In this new series of breaking down UX Design Principles, we are starting off with Hick’s Law.
What is Hick’s Law?
This UX law is named after the British-American psychologist team of William Edmund Hick and Ray Hyman, it is sometimes referred to as Hick-Hyman Law as well.
In 1952, this pair started examining the relationship between the number of stimuli present and an individual’s reaction time to any given stimulus. Users provided with an overwhelming number of choices have to take time to interpret and decide, giving them unwanted extra work.
More options can mean increased flexibility of choice or an overwhelming amount of choices for users. This law describes that the number of choices and complexity can increase the user’s reaction time. The law is that the more complex and larger amount of choices you have, the longer it takes for you to make a decision. Hick’s law can be applied by simplifying and reducing the number of choices to get a faster decision.
Examples of Hick’s Law in Practice
A lot of today’s products and innovations have gone through various iterations to reduce their complexity and be easier understood. Knowingly or unknowingly, we have seen examples of how Hick’s law is all around us.
Amazon’s Navigation Bar
Amazon's navigation bar is a shining example of how to apply the principles of Hick's Law to improve the user experience. To counteract decision overload, Amazon categorizes its many options into categories within the navigation bar, making it easier for the user to find what they're looking for among Amazon’s vast offerings and products. This reduces the cognitive load on the user and enables them to quickly make a decision, improving the overall user experience on the site. The clear categorization of options minimizes the amount of time and effort required for the user to find what they're looking for, making Amazon's navigation bar a shining example of how to apply Hick's Law in practice.
Duolingo’s Highlighted Goal Options
Highlighting an option out of a group is a smart usage of Hick’s Law to ease the pain of making a choice, with your recommended highlight users can make a decision quicker. By drawing attention to one specific option, it gives the user an initial suggestion that can influence them to feel confident in making a choice. Above we can see how Duolingo automatically highlights the “regular” option for new users, they are making an immediate suggestion that takes the difficulty of choice away. With a narrowed focus, users can pick easier.
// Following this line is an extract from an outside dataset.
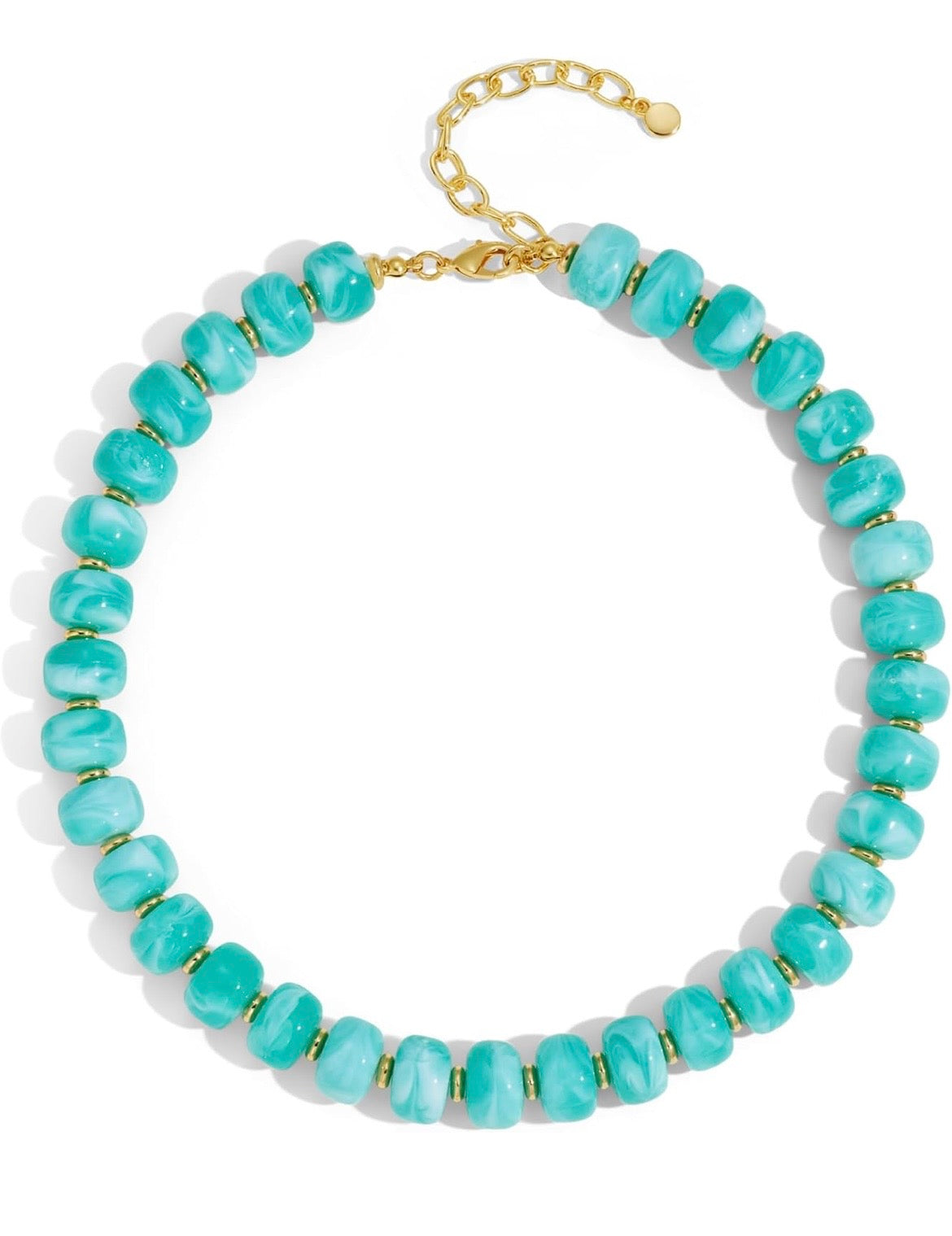 Chunky Resin Beaded Necklace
Netflix’s Top 10 Shows/Movies in Your Country
We all have had to sit through endless Netflix scrolling, trying to find the perfect TV show or movie to watch. Out of their countless choices, Netflix curates a list of the Top 10 shows or movies in your country.
Netflix has these sections to influence users into watching one of these shows or movies rather than continually scrolling, helping lessen the decision-making time. Additionally, Netflix is introducing its original content to this list and with the “top 10” branding, it helps audiences click their content faster.
Applying Hick’s Law in UX Design
Sometimes complexity is unavoidable, so we must try to simplify the decision-making process as much as we can. This is why landing pages are often used as a first introduction to a product or service, this is where you can make your initial impact and choose what you want to stand out.
Maybe use an enticing image before introducing text to let the user see what you want them to see first or maybe add categories to your lists to break them up.
We see Hick’s law in the navigation of almost every website. By putting navigation links together in logical and expandable groups, we can reduce the number of options and provide progressive disclosure of information. You can see this in action under “Link Four” in the image below, relevant subpages become visible once you click the navigation link group.
Another way to apply Hick's Law is to provide users with clear visual cues and indicators to guide their decision-making. For example, designers can use color and other visual elements to highlight important options and help users quickly and easily identify the best choices.
By using tips like these, you are guiding their experience and interaction with your material.
In closing, Hick's Law is a fundamental principle of UX design that states the more choices and complex options there are, the longer it takes for users to make a decision. To decrease the decision-making time, it is important to simplify and reduce the number of choices. We have seen how the principles of Hick's Law can help create more intuitive and user-friendly experiences. Finally, remember K.I.S.S. (Keep It Short & Simple)!